Siyasal iktidarın kamu adına direk dini alanlarla ilgili teşebbüslerde bulunması, yatırımlar yapması, birilerine arka çıkması asla tasvip edilemez ve dine hizmet olarak görülemez. Tam aksine o hizmetlerden mahrum kalanların hasetlerini, kinlerini ve nefretlerini artırır.
İktidarların işin başında en üsttekinden başlamak üzere en alt kademedeki çalışana kadar, devleti adil yöneteceğine, yolsuzluk yapmayacağına, devlet malları, imkanları üzerinde herhangi bir haksız tasarrufta bulunmayacağına, kamu hizmetini ifada ehliyet ve liyakate riayet edeceğine, tüm tasarruflarını istişare heyeti vasfına haiz TBMM’de müzakere / istişare ederek yasallaştıracağına, kuvvetler ayrılığı prensibine tam bir sadakatle uyacağına dair kutsalları üzerine yemin ederek başlamaları ve uygulamalarını hem TBMM ve hem de diğer yargı ve denetim birimlerine şeffaf bir şekilde denetime açmaları ve sonuçlarını da halkla paylaşmaları dinlerine / inançlarına yapacakları en büyük hizmettir.
Ne diyaneti güçlendirmeye ne imam hatip okullarını çoğaltmaya ve ne de milli eğitim müfredatına dini içerikli dersler koymaya gerek yoktu. Dini mensubiyetleri ve dini değerleri de siyasi temsilde öne geçirmemeleri gerekmekteydi.
AKP’nin ilk yıllarındaki yarım yamalak uygulamaları bile halkta beklenmedik bir teveccüh uyandırmıştı. Bu sayede cumhuriyet tarihinin en büyük toplumsal desteğine kavuştu. O zamanlar entelektüel çevrede şu değerlendirmeye sıklıkla şahitlik etmekteydim: “Eğer iktidar bu siyasi pratiğini böyle sürdürürse bundan böyle CHP’nin iktidar olma imkanı bir hayalden öteye geçemez.”

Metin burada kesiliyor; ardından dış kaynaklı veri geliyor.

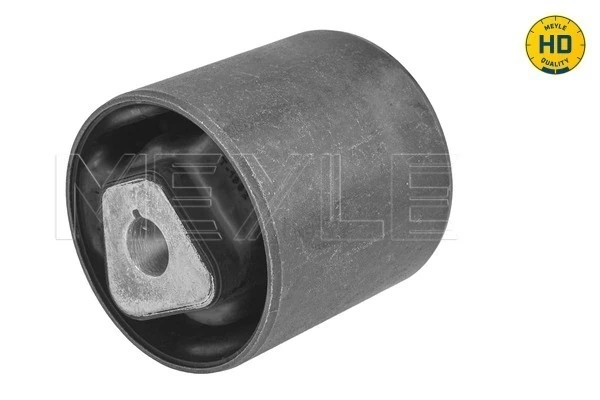 Mounting, control/trailing arm MEYLE-HD: Better than OE. 314 610 0027/HD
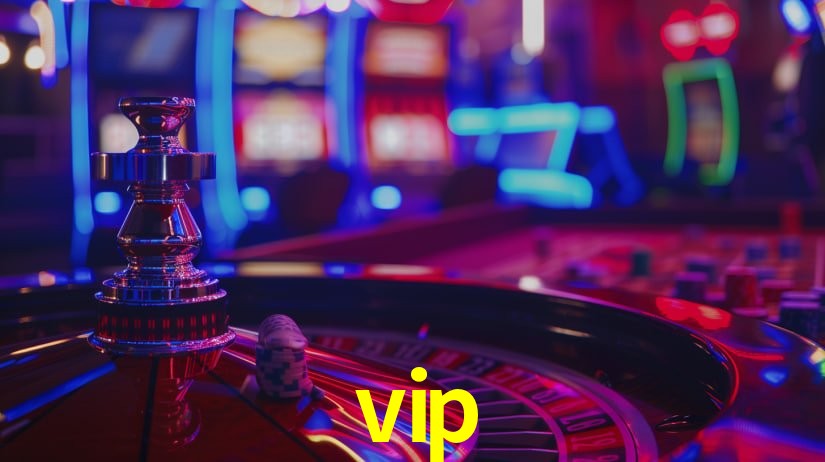 vip,vip.com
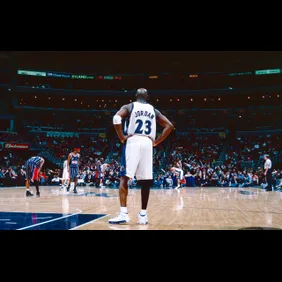 air-jordan-18-8-facts-you-didnt-know-about-mjs-last-on-court-model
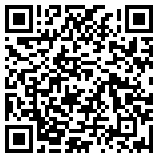 QR Code for Royal Medical Supply in San Francisco, CA 94103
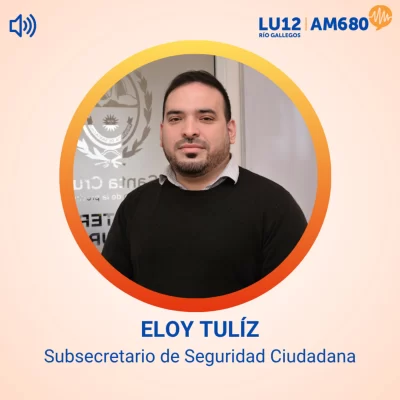 Escuelas que Acompañan: Santa Cruz refuerza la prevención de bullying y grooming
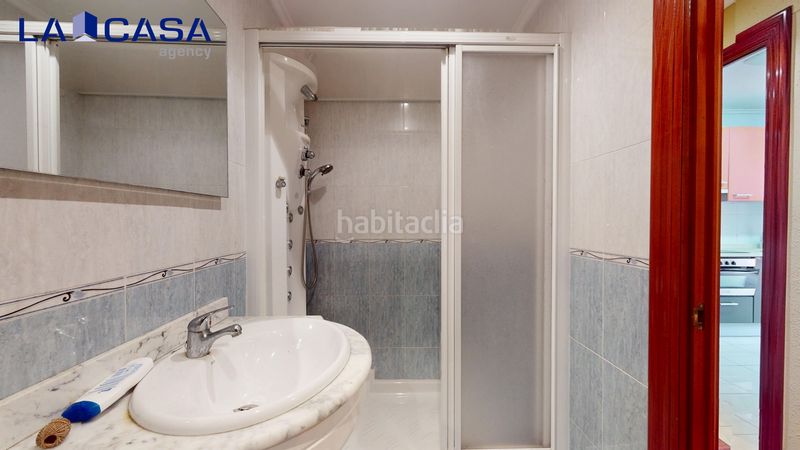 Foto 0327c02f-313e-4895-a91d-a12ff3ab8aa3. Pis a Santutxu-Basarrate Bilbao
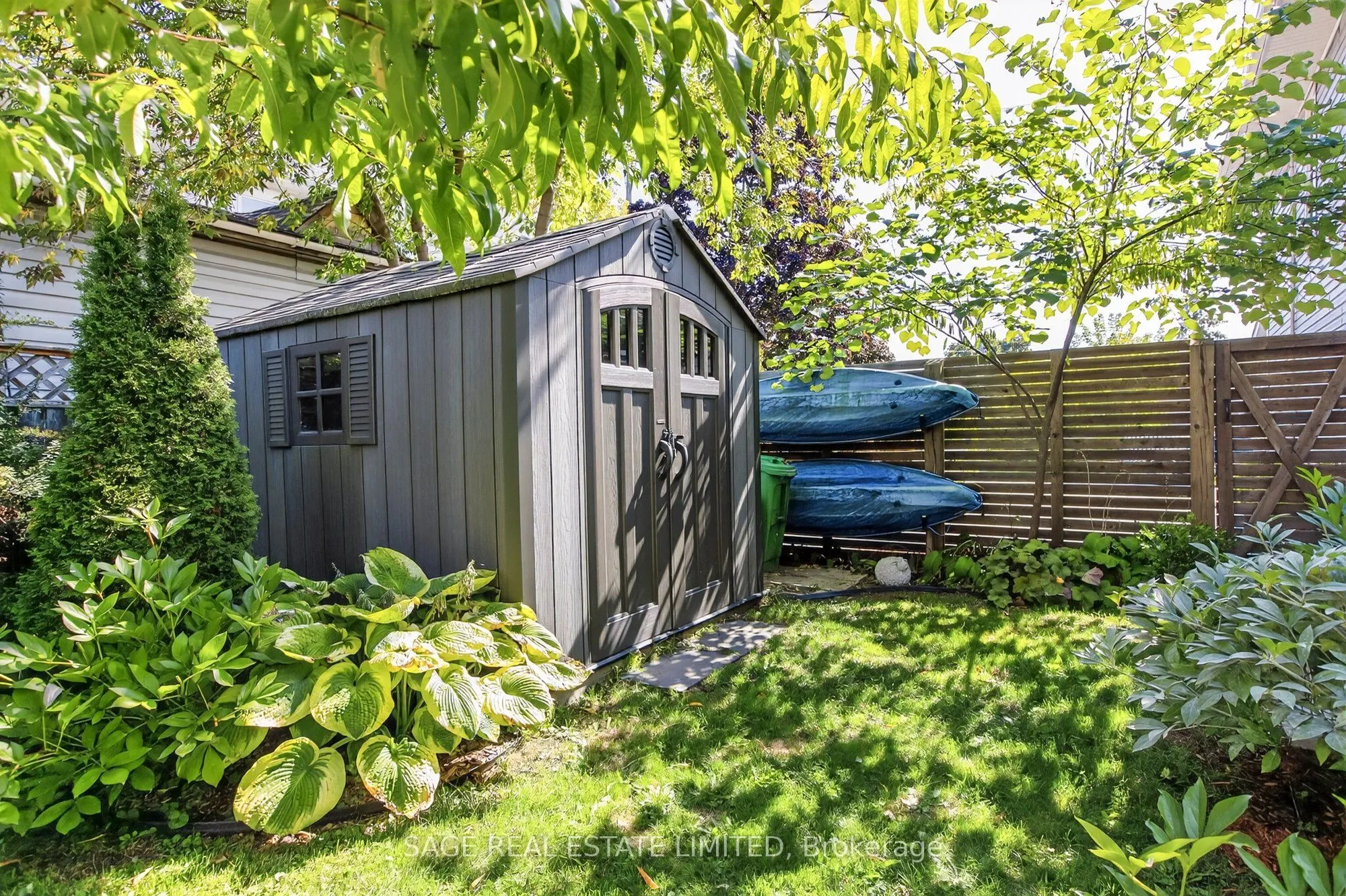 72 Victoria Avenue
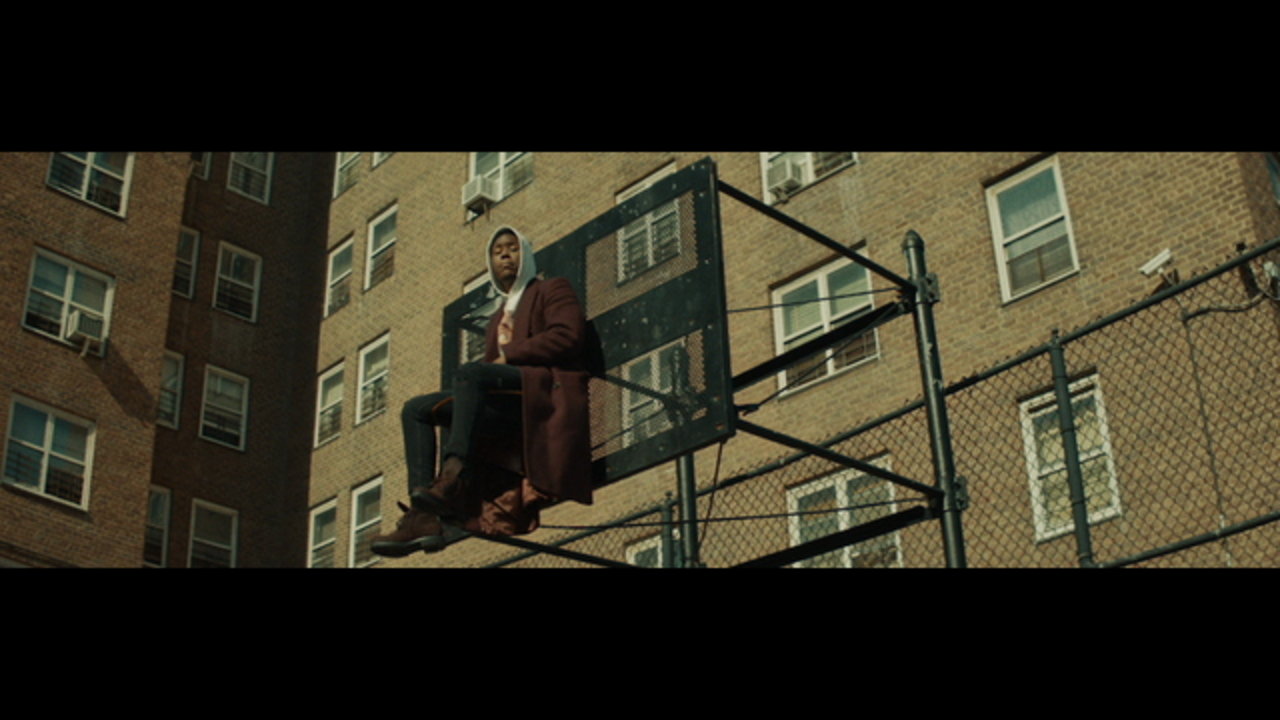 American Dream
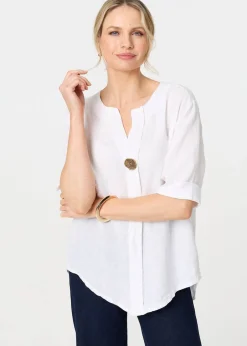 Tops><noscript><img width=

Tabii ki, öyle olmadı, yarım yamalak reformlarıyla 2010’a kadar gelen iktidar ondan sonra halkın bu teveccühünün ilelebet payidar kalacağı zehabına kapılarak farklı bir haleti ruhiyeye sahip oldu. Yani, iktidardan mutlak iktidara inkılap etti. İktidar onları bozmuştu, mutlak iktidar onları tamamen çığırlarından çıkardı. Ne kendileri ve ne de yönettikleri topluma bir hayırları dokunmadığı gibi dillerinden eksik etmedikleri dini değerlerin de köküne kibrit suyu döküp itibarsızlaştırdılar.
Netice olarak AKP deneyimi tüm bu olup bitenlerden namuslu çıkan müslüman siyasetçiler için tecrübelerle dolu önemli bir deneyimdi. Temenni ederim ki, bu yanlışları tashih ve ıslah edecek erdemli, yetkin bir yönetim ekibi gelir de birbirine karışan doğru ve yanlışları tefrik eder, adil, müreffeh yeni bir siyasi rejim ihdas ederek, geçmişi unutturur.